Work to complete :: Copy out exactly the stretch of the listing below that begins at the line containing "Effective Business Communication" and ends at the line containing "The Silmarillion history", and copy nothing outside it.

Material to process ::
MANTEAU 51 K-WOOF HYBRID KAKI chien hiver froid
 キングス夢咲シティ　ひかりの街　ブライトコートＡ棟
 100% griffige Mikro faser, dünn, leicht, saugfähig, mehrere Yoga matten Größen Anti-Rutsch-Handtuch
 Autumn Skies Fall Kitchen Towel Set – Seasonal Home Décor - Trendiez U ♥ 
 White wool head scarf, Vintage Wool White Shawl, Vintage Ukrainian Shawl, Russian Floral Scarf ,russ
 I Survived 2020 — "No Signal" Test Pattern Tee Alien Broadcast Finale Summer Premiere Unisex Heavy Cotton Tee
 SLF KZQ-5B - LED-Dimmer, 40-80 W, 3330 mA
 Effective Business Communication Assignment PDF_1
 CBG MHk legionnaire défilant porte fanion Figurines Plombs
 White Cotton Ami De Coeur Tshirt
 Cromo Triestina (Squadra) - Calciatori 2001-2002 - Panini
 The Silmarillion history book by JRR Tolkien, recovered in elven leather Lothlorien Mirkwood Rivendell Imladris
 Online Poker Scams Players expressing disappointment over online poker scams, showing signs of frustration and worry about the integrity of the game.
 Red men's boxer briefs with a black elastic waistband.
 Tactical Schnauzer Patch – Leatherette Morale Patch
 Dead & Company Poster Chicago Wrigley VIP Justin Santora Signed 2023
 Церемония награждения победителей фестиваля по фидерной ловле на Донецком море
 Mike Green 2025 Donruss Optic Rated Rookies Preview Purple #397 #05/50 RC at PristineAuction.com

Answer to this task ::
 Effective Business Communication Assignment PDF_1
 CBG MHk legionnaire défilant porte fanion Figurines Plombs
 White Cotton Ami De Coeur Tshirt
 Cromo Triestina (Squadra) - Calciatori 2001-2002 - Panini
 The Silmarillion history book by JRR Tolkien, recovered in elven leather Lothlorien Mirkwood Rivendell Imladris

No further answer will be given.